> And, I'm still annoyed at you changing the subject after my post w/
>the photo spread of the dilapidated Havanna housing and
>transportation, as if I don't know what poor neighborhoods in
>Washington, D.C., Philly, East St. Louis, the Mission district or the
>Tenderloin in S.F. where I lived.
I changed the subject because it was a cheap point, marginally relevant in the first place. Cuba is a poor country that still hasn't recovered from the collapse of the USSR. The US is a very rich country, and both you & I live here. Given its material constraints, Cuba has done a very good job on a lot of things, and we could learn from it. Getting on a high horse and pointing to all its failings isn't very enlightening, especially at a moment when the US has done a far worse job than Cuba at responding to a natural disaster.

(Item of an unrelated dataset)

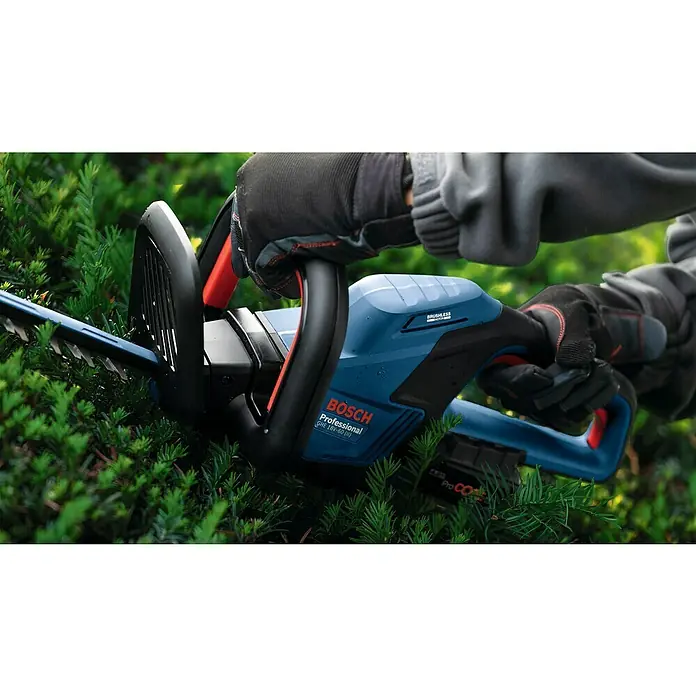 Bosch Professional AMPShare 18V Akku-Heckenschere GHE 18V-60 II - 18 V, Ohne Akku, Schwertlänge: 60 cm - Eine Bosch Professional Akku-Heckenschere GHE 18V-60, die von einer Person mit Gartenhandschuhen bedient wird, schneidet eine grüne Hecke.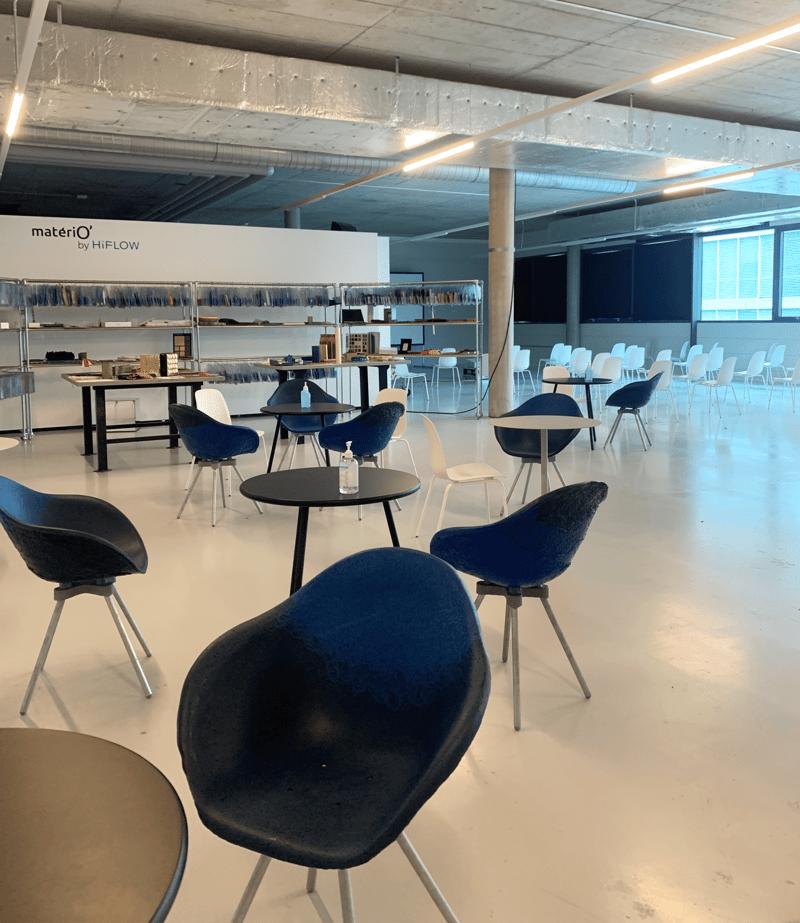 Meeting room, modern design, circular tables, round chairs, shelves with various items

Another thing that annoys me is the inability that so many "anti-authoritarians" show in understanding how hard it is to run any kind of progressive, much less revolutionary, regime. You've got opposition coming from your own domestic elite and from the US - not to mention intense economic challenges, like the need for foreign exchange - and no one has ever given me a satisfactory answer on how to deal with it. As far as I know - having just read Richard Gott's book and interviewed him - Chavez is doing a pretty masterful job of juggling the contradictions in Venezuela. He's been elected and re-elected several times, passed a constitutional referendum, survived a recall election, and kept a hostile press open. Yet you piss on him too. Can anyone in the real world live up to your standards?